En el cuento Ciudad de payasos vemos a un joven periodista que se disfraza de payaso para escribir y cumplir con un artículo periodístico; en plenas peripecias Óscar, el protagonista, recuerda su pasado, es abordado por sus complejos de clase y no puede zafarse del recuerdo de cuando tuvo que ayudar a su padre cuando este se disponía a robar las casas de sus compañeros de colegio. Óscar era un muchacho de clase baja que debido a sus buenas calificaciones escolares se le otorgó una beca para estudiar en uno de los colegios más elitistas de Lima. Este mundo que Óscar no conocía le permite saber lo que es el racismo y el abuso, razones más que suficientes como para germinar y cimentar un resentimiento con el que él ha luchado desde siempre. Óscar, ya disfrazado de payaso, se reencuentra con el mundo por el que se movía de niño y al que se resiste reasimilar. Son varios los méritos de este relato, por un lado tenemos el buen juego temporal, y por otro lado, la cuota de ternura que no cae jamás en la cursilería. Este cuento es de por sí especial en la corta carrera de Alarcón, el mismo apareció en The New Yorker bajo el nombre de City of Clowns, y el que le sirvió como carta de presentación ante una editorial como Harper Collins. Ni más ni menos.
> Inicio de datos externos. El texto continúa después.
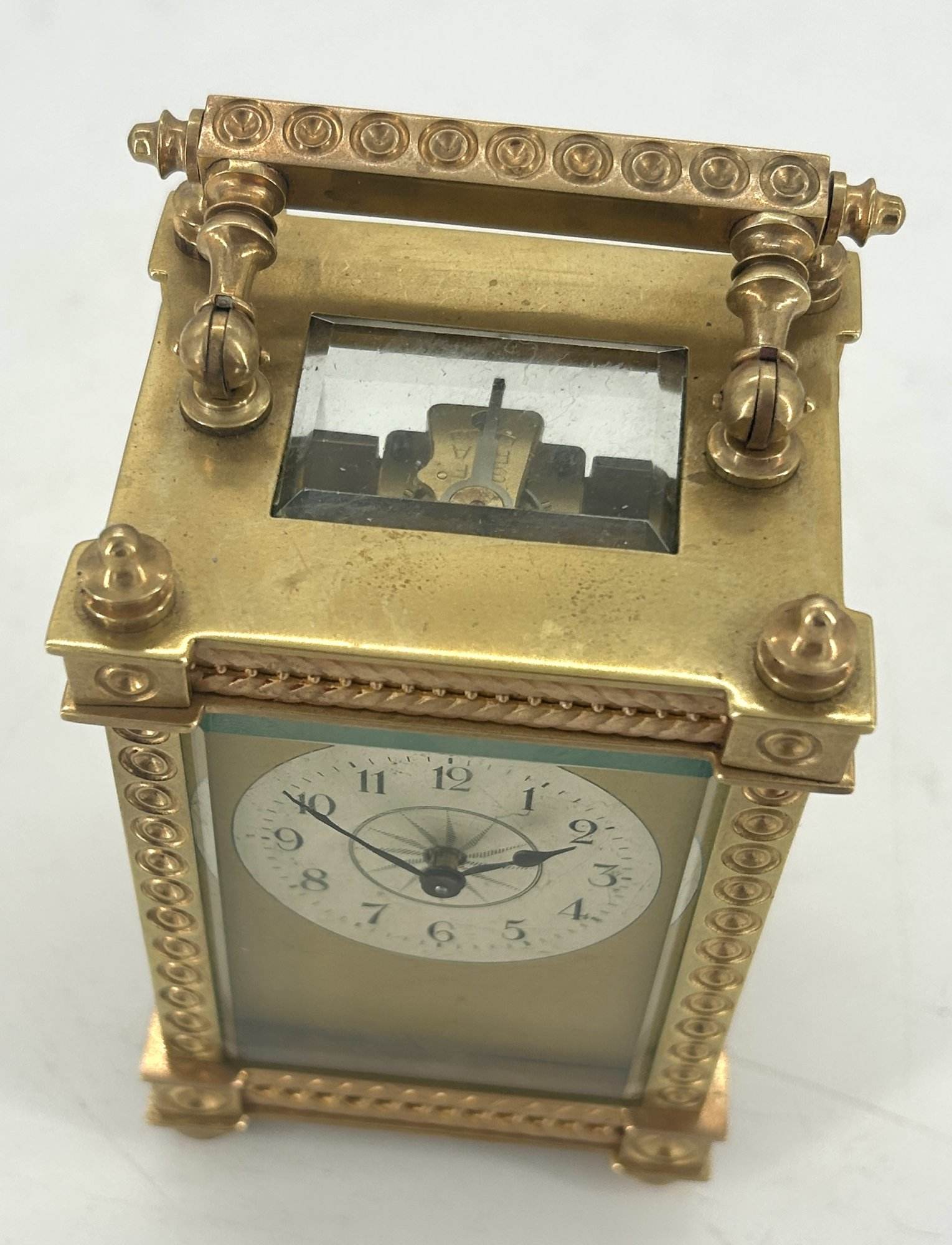 Elegant Antique French Carriage clock - ca1900 - Image 8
Desde hace un tiempo se está hablando de uno de los tantos futuros de la novela, no es nada extraño entonces que en un mundo cada vez más multicultural la inmigración sea uno de esos temas. El error radica en hacer pasar este tópico como nuevo, lo cual nos lleva a estar alertas con las modas preparadas por las grandes editoriales, es por ello, que siempre es bueno reflexionar con responsabilidad y darnos cuenta de que esta no es una tendencia nueva. Tenemos a los ingleses Kazuo Ishiguro, Hanif Kureishi y Salman Rushdie como la mejor muestra de ficción escrita por hijos de inmigrantes, y digamos que estos tres narradores no son nuevos en el asunto.

En Guerra a la luz de las velas, el relato que da título al volumen, nos encontramos con la mejor historia. Fernando es un militante terrorista que mientras está en vías de cumplir su misión recuerda los episodios más aciagos de su vida. De por sí, este cuento tiene una de las frases que quedará en el recuerdo: “Su madre murió. Lima aceptó su tristeza y le regaló un mes de días nublados.” Solo los que trabajan el talento tienen esta capacidad de generar imágenes y sensaciones en pocas y secas palabras.

Quizá una de las fallas de este volumen descansa en la falta de una mayor introspección de los personajes, pero esto se deja ver más que nada en los relatos añadidos que no aparecieron en la edición primigenia. La miseria clásica de los habitantes de los Andes adolece de mayor trabajo, puesto que no es verosímil, pero Alarcón, conciente de esto, sabe suplirlo bien con la creación de una atmósfera que termina haciendo que los cuentos sean de por sí más que interesantes.

En líneas generales, no hay pierde con este libro. La irregularidad señalada está suscrita en el terreno de la ambición, y ello, vale. Dicen los entendidos en cuento –el género más difícil de abordar- que un libro de relatos es memorable cuando tiene un cuento extraordinario; bueno, Guerra a la luz de las velas no tiene un cuento extraordinario, tiene cinco. Un gol desde el medio campo para Alfaguara, que pese a los filtros de traducción, editó un libro que no deja indiferente y que es de por sí la mejor carta de presentación en el debut del autor.